At 68, however, the star admits to “having a few nicks” in his body, and tellingly, he has chosen this moment to release an album that puts him in the past tense: Post Pop Depression. It’s a work filled with lyrics that address his legacy with existential fret. Small wonder, when characterizing the sustainability of his no-holds-barred career, that Pop sounds like a wizened warrior when he says, “I’m contemplating a phased withdrawal with honor.”
The music on Post Pop gives fans plenty to honor as well as notions to ponder. It’s one of the most vital and engaged works of his career. It also finds him in fresh company, collaborating with Josh Homme, leader of one of the few rock bands to still chart high, Queens of the Stone Age. Their collaboration arrives at a strangely aligned time, directly after the death of a man who Pop recently said “resurrected” his career: David Bowie. “David guided me and put me in a place where nice things could finally come out,” Pop says.
Bowie did so back in the 1970s, producing crucial albums for Pop after the collapse of the Stooges. At the time, a drug-heavy and sex-mad Pop had become notorious for his stage act, which included rolling around in broken glass and smearing peanut butter over his body. Bowie channeled that primitivist brilliance into Raw Power, Pop’s final album with the Stooges before going solo, as well as the two classics forever associated with the pair’s decadent days in Berlin, The Idiot and Lust for Life. The latter two works served as role models for Post Pop Depression. “Josh was interested in those records,” Pop says, “so I sent him notes on how they were made.”

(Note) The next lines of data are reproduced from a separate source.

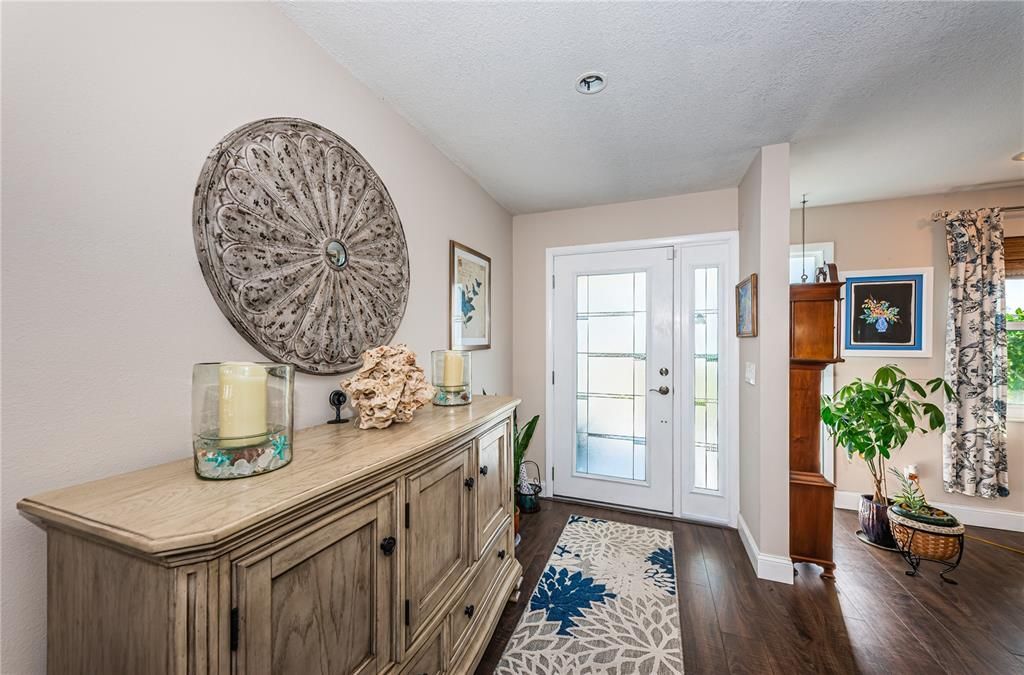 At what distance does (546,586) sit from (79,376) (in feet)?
6.86

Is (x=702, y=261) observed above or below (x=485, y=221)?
below

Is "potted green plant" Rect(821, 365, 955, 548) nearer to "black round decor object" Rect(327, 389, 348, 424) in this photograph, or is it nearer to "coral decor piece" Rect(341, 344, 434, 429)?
"coral decor piece" Rect(341, 344, 434, 429)

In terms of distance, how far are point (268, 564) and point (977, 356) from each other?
4174 mm

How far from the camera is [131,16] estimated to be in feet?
2.85

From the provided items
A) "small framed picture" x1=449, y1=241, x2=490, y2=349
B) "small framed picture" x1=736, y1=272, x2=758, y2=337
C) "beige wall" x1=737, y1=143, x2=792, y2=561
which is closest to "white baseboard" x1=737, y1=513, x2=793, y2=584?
"beige wall" x1=737, y1=143, x2=792, y2=561

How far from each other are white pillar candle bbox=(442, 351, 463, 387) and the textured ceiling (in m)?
1.14

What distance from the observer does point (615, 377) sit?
3047mm

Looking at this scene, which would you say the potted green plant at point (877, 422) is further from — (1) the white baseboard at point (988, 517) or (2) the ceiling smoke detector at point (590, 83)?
(2) the ceiling smoke detector at point (590, 83)

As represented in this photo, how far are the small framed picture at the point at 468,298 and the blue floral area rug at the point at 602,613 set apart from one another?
1.45m

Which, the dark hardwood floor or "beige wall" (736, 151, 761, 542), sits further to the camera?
"beige wall" (736, 151, 761, 542)

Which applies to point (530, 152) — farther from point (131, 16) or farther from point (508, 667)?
point (508, 667)

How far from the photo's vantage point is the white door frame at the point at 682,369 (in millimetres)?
2701

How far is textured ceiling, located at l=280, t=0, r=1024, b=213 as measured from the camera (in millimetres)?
1261

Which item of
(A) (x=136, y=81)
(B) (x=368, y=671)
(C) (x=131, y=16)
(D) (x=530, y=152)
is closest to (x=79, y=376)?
(A) (x=136, y=81) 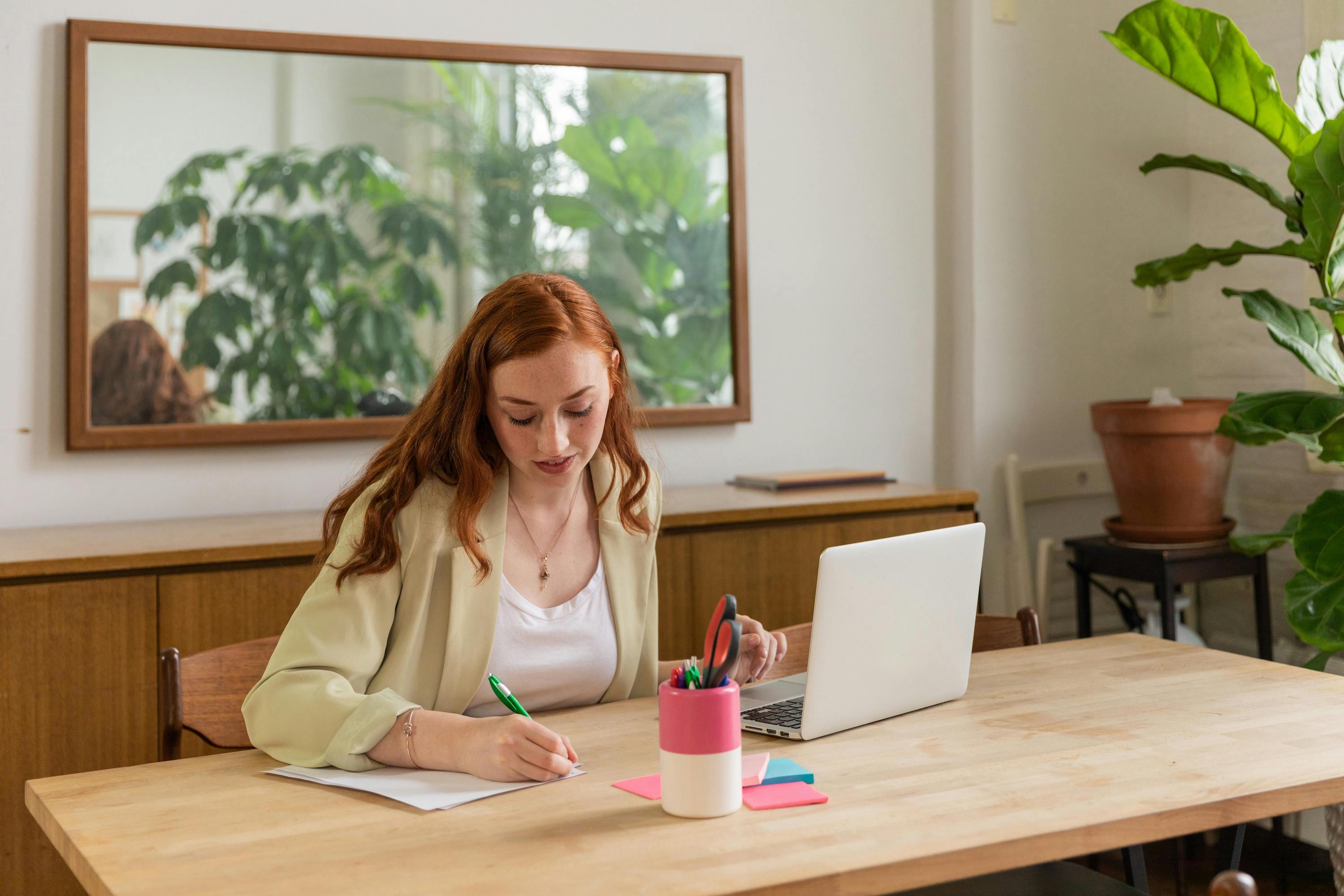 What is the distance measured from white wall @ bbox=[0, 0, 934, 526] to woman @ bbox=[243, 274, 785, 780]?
4.17 feet

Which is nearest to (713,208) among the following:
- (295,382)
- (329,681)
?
(295,382)

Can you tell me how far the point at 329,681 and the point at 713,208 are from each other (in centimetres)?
213

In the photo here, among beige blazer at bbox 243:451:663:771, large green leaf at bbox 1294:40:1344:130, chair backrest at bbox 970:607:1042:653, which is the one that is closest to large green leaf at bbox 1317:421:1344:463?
large green leaf at bbox 1294:40:1344:130

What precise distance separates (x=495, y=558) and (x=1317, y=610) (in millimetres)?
1734

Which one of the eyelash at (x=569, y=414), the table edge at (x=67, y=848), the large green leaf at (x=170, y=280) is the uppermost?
the large green leaf at (x=170, y=280)

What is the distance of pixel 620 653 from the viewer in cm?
183

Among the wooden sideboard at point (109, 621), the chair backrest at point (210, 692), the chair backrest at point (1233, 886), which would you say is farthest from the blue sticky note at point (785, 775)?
the wooden sideboard at point (109, 621)

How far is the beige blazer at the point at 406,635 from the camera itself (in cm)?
144

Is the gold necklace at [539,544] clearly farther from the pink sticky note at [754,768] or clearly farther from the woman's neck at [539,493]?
the pink sticky note at [754,768]

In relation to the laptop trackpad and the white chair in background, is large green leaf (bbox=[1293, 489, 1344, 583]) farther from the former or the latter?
the laptop trackpad

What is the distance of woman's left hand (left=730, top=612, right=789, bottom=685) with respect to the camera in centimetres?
171

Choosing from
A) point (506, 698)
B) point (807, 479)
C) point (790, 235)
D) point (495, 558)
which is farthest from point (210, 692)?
point (790, 235)

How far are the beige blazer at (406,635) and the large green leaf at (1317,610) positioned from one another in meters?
1.41

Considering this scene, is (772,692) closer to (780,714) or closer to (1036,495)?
(780,714)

Pop (born James Newell Osterberg Jr.) and Homme first met more than a decade ago at an awards ceremony hosted by the heavy-metal magazine Kerrang! “Josh was one of the only people there who hadn’t drunk the ‘leather Kool-Aid,'” Pop says. “He was dressed noncommittedly, which was key. Also, he had a sense of humor, which I love.”
Pop sought out Homme, he says, because “I wanted to make a great f-cking record that the music-susceptible audience would care about.” The two agreed to finance the work themselves and to record in secret, mainly at Homme’s home studio in remote Joshua Tree, Calif., the better to ensure its purity. The result finds an ideal mean between Pop’s oratorical baritone and Homme’s dense and dusty brand of desert rock. Homme refers to the project as “the coolest thing I’ve ever been allowed to be part of” and says, “Most stars who are icons want to play it safe. They wash, rinse, repeat. Iggy wanted to go further.”
The song “American Valhalla” epitomizes that, with Pop contemplating what even the most celebrated life adds up to. Pop says he began asking, “Is that all there is?” after the Stooges were inducted into the Rock and Roll Hall of Fame in 2010. He also thought about more practical matters, like what a lifetime of work gets you in the U.S. “The Republicans successfully introduced this term for Social Security as an entitlement,” says Pop, an Obama supporter. “Oh, you mean what I paid into for many, many years is now an entitlement? And they want to end it just as I started getting mine? Nooo! I want more than a legacy. I want to live a good life.”
On the other hand, the once mega-hard-living Pop has managed to sustain a nicely balanced existence for himself in his modest home by the beach, where he can frolic naked whenever he likes. He has continued to expand creatively, releasing albums that include French chansons and a Frank Sinatra cover. He finds himself the last man standing in a triad of rock icons associated with ’70s Berlin, including Bowie (who recorded three landmark albums there) and Lou Reed (who cut a seminal work named for the city). “If you were in Vegas and laid odds on Iggy being the last one, you would have made a lot of dough,” Homme says.
Pop likens his current position to that of a war vet like the old soldiers he sees in his neighborhood. “I had to stick around, because that’s how long it took for the arc of my story to work out,” he says. “And I suppose there’s something important in just doing that.”